DIRECTIONS -> An exact copy of all the data below is needed.

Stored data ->
*** Block opens ***

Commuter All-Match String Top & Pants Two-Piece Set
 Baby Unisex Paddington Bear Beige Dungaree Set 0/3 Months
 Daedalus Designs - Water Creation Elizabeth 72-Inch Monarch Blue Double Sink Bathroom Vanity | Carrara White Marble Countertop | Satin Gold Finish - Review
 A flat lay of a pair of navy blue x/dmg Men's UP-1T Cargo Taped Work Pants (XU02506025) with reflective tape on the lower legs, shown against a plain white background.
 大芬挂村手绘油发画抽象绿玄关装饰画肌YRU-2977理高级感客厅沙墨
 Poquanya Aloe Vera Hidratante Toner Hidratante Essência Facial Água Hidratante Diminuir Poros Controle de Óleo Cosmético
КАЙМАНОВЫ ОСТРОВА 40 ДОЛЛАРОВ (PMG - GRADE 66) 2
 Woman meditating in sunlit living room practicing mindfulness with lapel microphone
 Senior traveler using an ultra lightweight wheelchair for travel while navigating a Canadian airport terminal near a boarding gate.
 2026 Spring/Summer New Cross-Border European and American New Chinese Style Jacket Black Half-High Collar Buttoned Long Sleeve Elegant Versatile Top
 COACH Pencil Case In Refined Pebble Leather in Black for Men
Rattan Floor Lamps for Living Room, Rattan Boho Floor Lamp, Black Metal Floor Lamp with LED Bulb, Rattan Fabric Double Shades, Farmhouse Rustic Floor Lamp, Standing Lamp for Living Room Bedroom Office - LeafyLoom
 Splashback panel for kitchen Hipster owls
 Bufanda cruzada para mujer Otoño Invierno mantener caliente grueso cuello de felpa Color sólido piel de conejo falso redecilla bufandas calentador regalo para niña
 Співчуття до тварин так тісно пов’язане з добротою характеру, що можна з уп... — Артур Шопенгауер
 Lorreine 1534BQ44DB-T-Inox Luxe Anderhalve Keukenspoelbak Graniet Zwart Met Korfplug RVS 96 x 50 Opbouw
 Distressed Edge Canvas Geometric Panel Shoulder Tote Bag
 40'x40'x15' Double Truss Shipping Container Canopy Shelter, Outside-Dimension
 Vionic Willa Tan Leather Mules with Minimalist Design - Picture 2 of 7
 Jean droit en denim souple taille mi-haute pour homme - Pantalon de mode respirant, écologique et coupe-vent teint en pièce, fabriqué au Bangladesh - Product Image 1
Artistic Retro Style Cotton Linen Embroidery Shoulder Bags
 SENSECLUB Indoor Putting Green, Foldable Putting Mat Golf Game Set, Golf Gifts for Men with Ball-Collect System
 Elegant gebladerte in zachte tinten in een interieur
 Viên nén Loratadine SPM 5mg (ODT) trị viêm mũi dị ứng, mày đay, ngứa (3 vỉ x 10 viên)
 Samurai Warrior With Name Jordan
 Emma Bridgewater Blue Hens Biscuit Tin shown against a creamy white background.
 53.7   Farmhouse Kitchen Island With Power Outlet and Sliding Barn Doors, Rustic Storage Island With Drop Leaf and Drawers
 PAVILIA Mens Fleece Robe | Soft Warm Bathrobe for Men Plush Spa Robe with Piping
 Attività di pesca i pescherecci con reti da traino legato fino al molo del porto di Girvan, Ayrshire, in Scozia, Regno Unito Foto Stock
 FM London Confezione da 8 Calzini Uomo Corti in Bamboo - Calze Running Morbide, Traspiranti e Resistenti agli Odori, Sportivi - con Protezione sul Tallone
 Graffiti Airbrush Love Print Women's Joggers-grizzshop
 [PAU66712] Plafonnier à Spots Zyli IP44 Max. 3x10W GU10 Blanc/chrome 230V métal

*** Block closes ***

TASK ANSWER ->
Commuter All-Match String Top & Pants Two-Piece Set
 Baby Unisex Paddington Bear Beige Dungaree Set 0/3 Months
 Daedalus Designs - Water Creation Elizabeth 72-Inch Monarch Blue Double Sink Bathroom Vanity | Carrara White Marble Countertop | Satin Gold Finish - Review
 A flat lay of a pair of navy blue x/dmg Men's UP-1T Cargo Taped Work Pants (XU02506025) with reflective tape on the lower legs, shown against a plain white background.
 大芬挂村手绘油发画抽象绿玄关装饰画肌YRU-2977理高级感客厅沙墨
 Poquanya Aloe Vera Hidratante Toner Hidratante Essência Facial Água Hidratante Diminuir Poros Controle de Óleo Cosmético
КАЙМАНОВЫ ОСТРОВА 40 ДОЛЛАРОВ (PMG - GRADE 66) 2
 Woman meditating in sunlit living room practicing mindfulness with lapel microphone
 Senior traveler using an ultra lightweight wheelchair for travel while navigating a Canadian airport terminal near a boarding gate.
 2026 Spring/Summer New Cross-Border European and American New Chinese Style Jacket Black Half-High Collar Buttoned Long Sleeve Elegant Versatile Top
 COACH Pencil Case In Refined Pebble Leather in Black for Men
Rattan Floor Lamps for Living Room, Rattan Boho Floor Lamp, Black Metal Floor Lamp with LED Bulb, Rattan Fabric Double Shades, Farmhouse Rustic Floor Lamp, Standing Lamp for Living Room Bedroom Office - LeafyLoom
 Splashback panel for kitchen Hipster owls
 Bufanda cruzada para mujer Otoño Invierno mantener caliente grueso cuello de felpa Color sólido piel de conejo falso redecilla bufandas calentador regalo para niña
 Співчуття до тварин так тісно пов’язане з добротою характеру, що можна з уп... — Артур Шопенгауер
 Lorreine 1534BQ44DB-T-Inox Luxe Anderhalve Keukenspoelbak Graniet Zwart Met Korfplug RVS 96 x 50 Opbouw
 Distressed Edge Canvas Geometric Panel Shoulder Tote Bag
 40'x40'x15' Double Truss Shipping Container Canopy Shelter, Outside-Dimension
 Vionic Willa Tan Leather Mules with Minimalist Design - Picture 2 of 7
 Jean droit en denim souple taille mi-haute pour homme - Pantalon de mode respirant, écologique et coupe-vent teint en pièce, fabriqué au Bangladesh - Product Image 1
Artistic Retro Style Cotton Linen Embroidery Shoulder Bags
 SENSECLUB Indoor Putting Green, Foldable Putting Mat Golf Game Set, Golf Gifts for Men with Ball-Collect System
 Elegant gebladerte in zachte tinten in een interieur
 Viên nén Loratadine SPM 5mg (ODT) trị viêm mũi dị ứng, mày đay, ngứa (3 vỉ x 10 viên)
 Samurai Warrior With Name Jordan
 Emma Bridgewater Blue Hens Biscuit Tin shown against a creamy white background.
 53.7   Farmhouse Kitchen Island With Power Outlet and Sliding Barn Doors, Rustic Storage Island With Drop Leaf and Drawers
 PAVILIA Mens Fleece Robe | Soft Warm Bathrobe for Men Plush Spa Robe with Piping
 Attività di pesca i pescherecci con reti da traino legato fino al molo del porto di Girvan, Ayrshire, in Scozia, Regno Unito Foto Stock
 FM London Confezione da 8 Calzini Uomo Corti in Bamboo - Calze Running Morbide, Traspiranti e Resistenti agli Odori, Sportivi - con Protezione sul Tallone
 Graffiti Airbrush Love Print Women's Joggers-grizzshop
 [PAU66712] Plafonnier à Spots Zyli IP44 Max. 3x10W GU10 Blanc/chrome 230V métal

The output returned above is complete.